France got its current shape only quite recently, in 1789… Even later if you consider that Alsace and Lorraine actually joined France in 1918… Denmark got its current shape in 1814 and Belgium in 1830, at the same time that current political Greece did. Italy was only united in 1861. And Germany a mere 40 years after Belgium, in 1871 in Versailles in Paris. So one might say that Belgium has got no historical lesson to receive from anyone. And almost 200 years of common history is no bad performance for what some called an artificial construction.

What is true is that Belgium is not a nation-state by definition. We are at the very border of two fundamentally different European Cultures… Broadly speaking the German and the Roman ones… At the same time, Dutch and French are languages deriving from the same indo-European roots, but that is indeed a long time ago…

However, this brings me to the last part of my exposé tonight… the language consideration.

By the way, let me stress that the language fight was in fact totally lost in the South of the Country as the Walloon dialect is nowadays as good as forgotten. And the Walloon dialect was very far off the French language.” Wastiffé coallé djiva” is the only thing I can say in this dialect but this illustrates that this dialect is light years away from our current French. So to think that French did impose only upon the Flemish is not pertinent. French totally extinguished the Walloon dialects which was spoken by the vast majority of inhabitants in the South of Belgium.

Nevertheless, when our ancestors found the Belgian state in 1830, the first leaders of the country selected French as the only official language. For them, this was a logical choice. French was by then the language of the European and local elite. French was homogeneous and international, by opposition with the Flemish which is divided in numerous different dialects or patois. One language, our leaders thought, would foster unity though two languages would start dividing a still young and fragile country.

But by 1840, the Flemish Movement took speed and got reinforced thanks to the vote extension. Indeed, by 1893, all Belgian males were allowed to vote, multiplying suddenly with a factor ten the voters number.  With all these voters, the Flemish revendications were getting much louder and five years later, in 1898, Flemish got the same legal value as French. This did not soften Flemish hopes for more. Flemish speakers wanted their own language on their own soil… But our history shows that a Flemish or a Walloon soil is a very relative concept.
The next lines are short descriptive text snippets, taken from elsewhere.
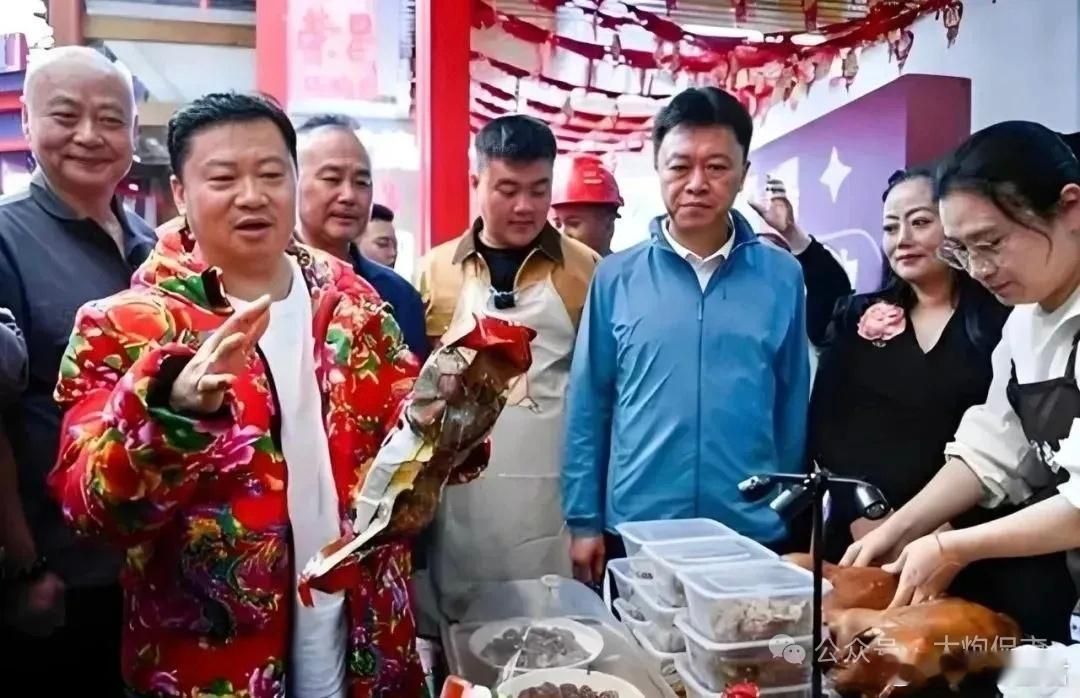 快退休的书记，在风暴中心点了一桌菜当所有体制内人员对“下馆子”这三个字避之不及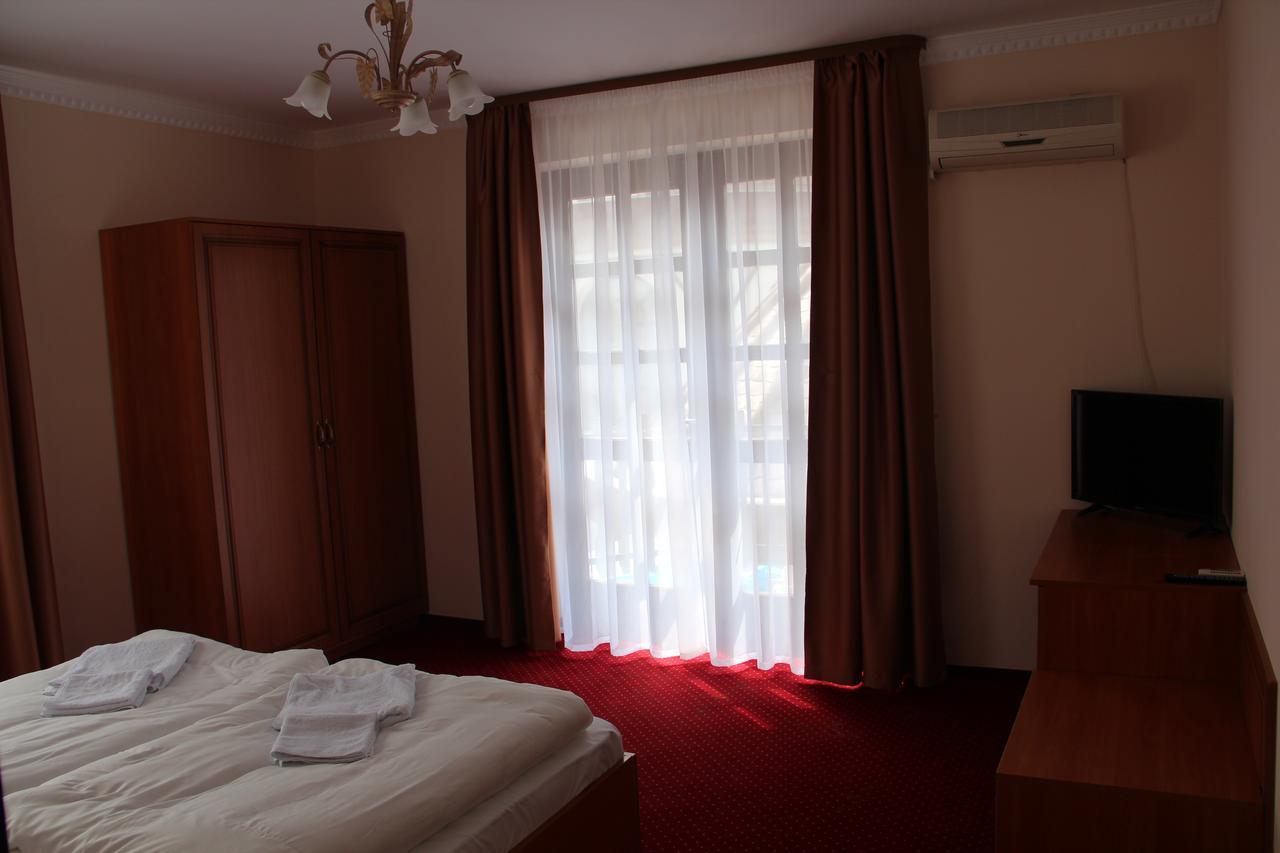 Karikas Hotel Хайдусобосло Экстерьер фото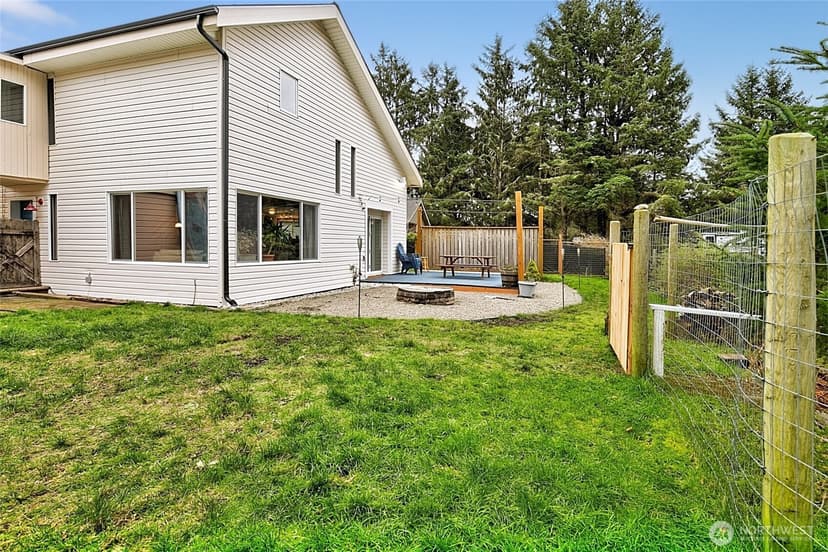 Property photo for 737 Dover Court SE, Ocean Shores photo 35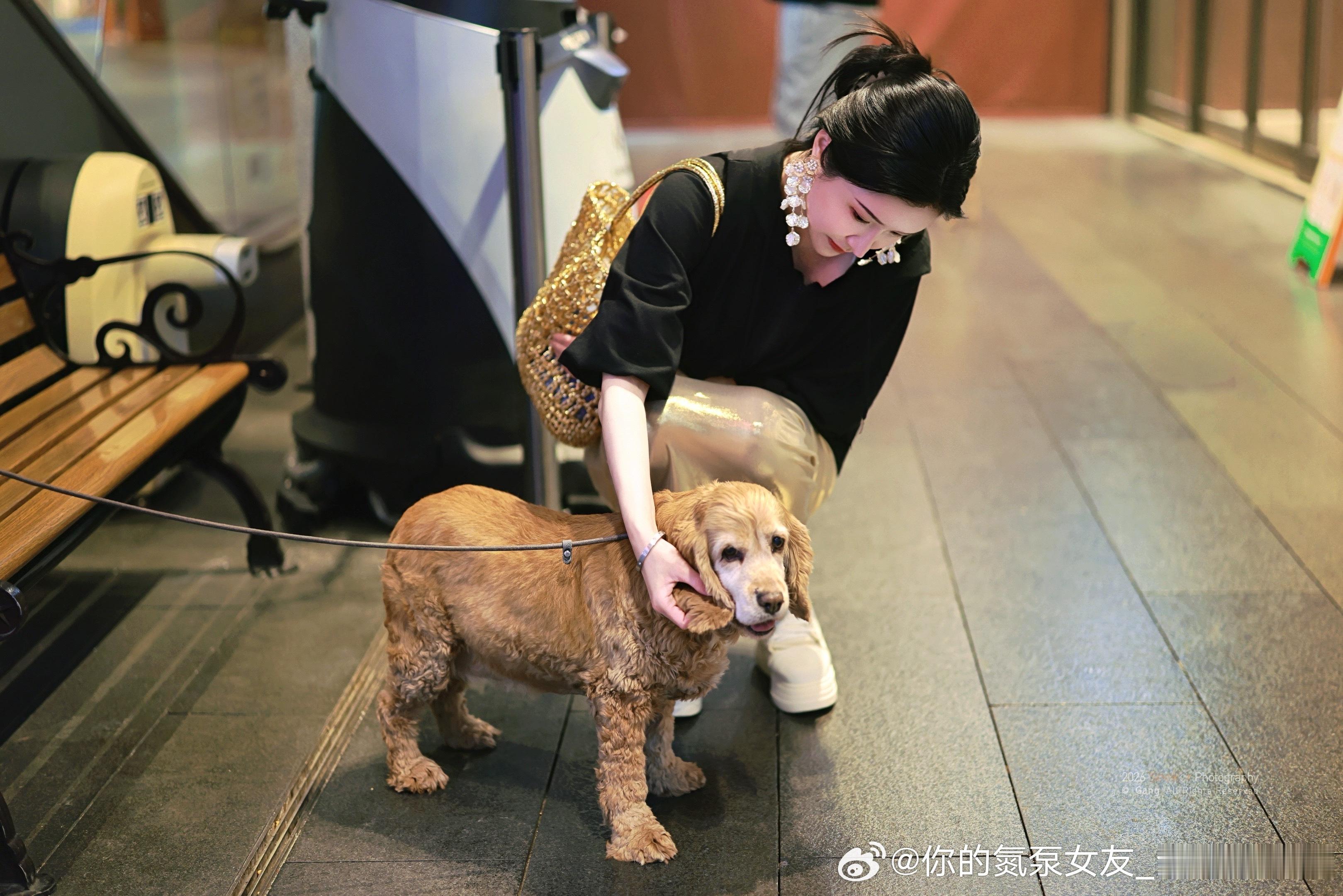 街拍美女[超话] 舞台上的我，生活里的我，温柔的我——都是真的我。可以高光，也可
In 1921, the Flemish exigencies were answered as Flemish became then the official language of the Northern Region, French of the South while Brussels would remain bilingual. A linguistic frontier was established but communes alongside this border were allowed to switch to the other side if it appeared that the other language would get  the majority. This would have to be validated through a counting which had to take place every ten years. In 1932 this all got a legal confirmation and at the same time the first Flemish university in Ghent was baptised. The first and the last counting took place in 1947 but results would not be officially published before 1954. A series of Flemish communes became either French speaking or got the so-called facilities i.e. they became bilingual. Flanders got alarmed by this extension of the French language and by 1961 the counting system was abolished. In 1962 the list of the communes with bilingual facilities was frozen. Since then, the fight between Flemish and French speakers has been in essence about the statute to give to Brussels and its periphery and which competences inhabitants of Belgium still wanted to be operated by the federal state.

The history of tomorrow is probably not so difficult to predict. We will see a further erosion of the national or federal competences and much more powerful regions. In fact, Belgium is an advanced mini-Europe. But I am not sure there will be a date where Flemish would definitely and abruptly declare its independence. We will at least remain good neighbours with a lot of privileged ties.

To end up and to my eyes, the most important achievement of Belgium is to have been able to solve cultural divides in peace and to show that peace between two very different cultures is possible, in the middle of the battlefield of Europe.  And this is not a small achievement. Thank you.